**Problem to work on:** Write out the data exactly as given, dropping every picture.

**Dataset section:**
"""

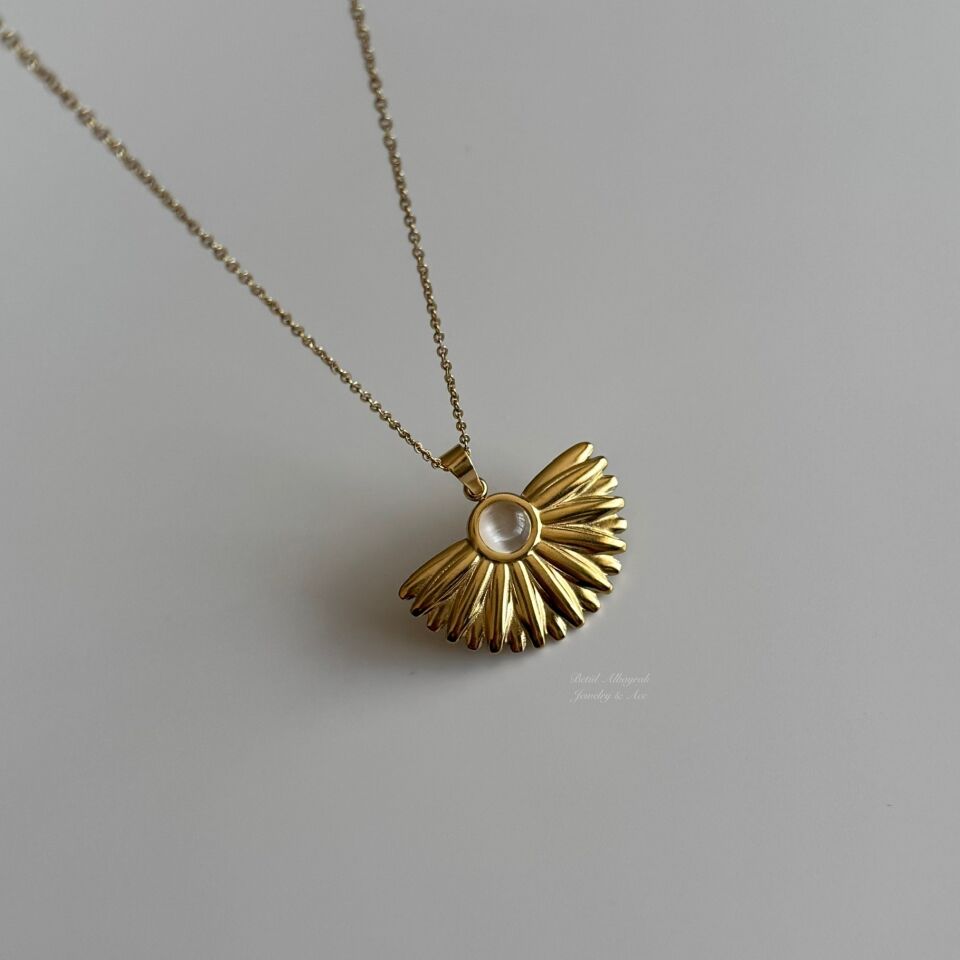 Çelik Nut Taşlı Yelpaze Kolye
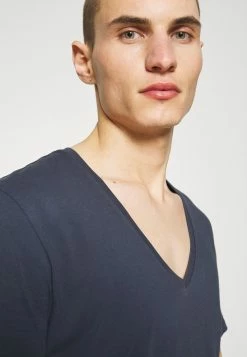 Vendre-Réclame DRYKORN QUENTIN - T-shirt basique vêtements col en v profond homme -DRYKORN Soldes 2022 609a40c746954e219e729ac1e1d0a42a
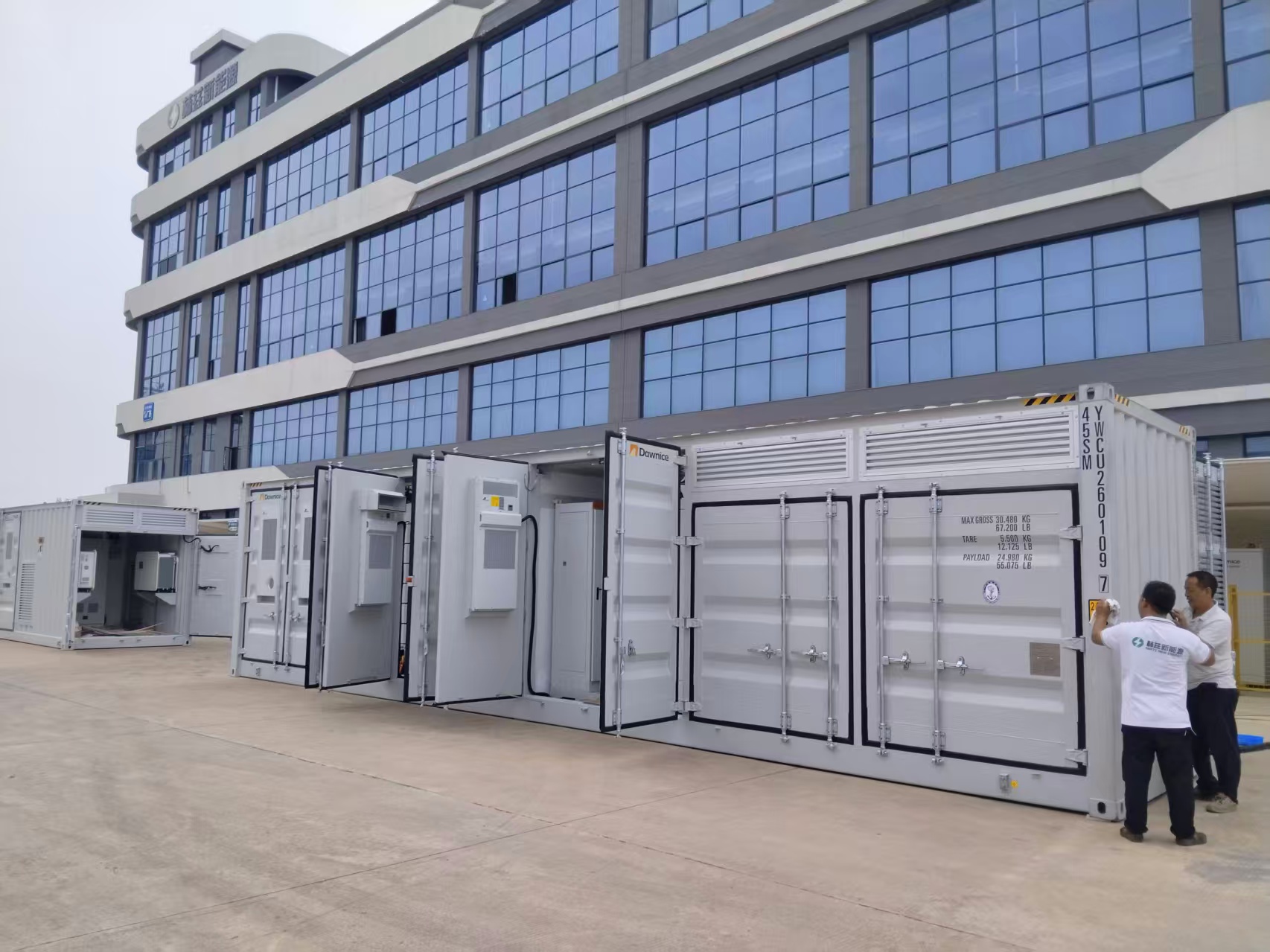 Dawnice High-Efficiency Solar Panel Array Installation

"""

**Result:**
 Çelik Nut Taşlı Yelpaze Kolye
 Vendre-Réclame DRYKORN QUENTIN - T-shirt basique vêtements col en v profond homme -DRYKORN Soldes 2022 609a40c746954e219e729ac1e1d0a42a
 Dawnice High-Efficiency Solar Panel Array Installation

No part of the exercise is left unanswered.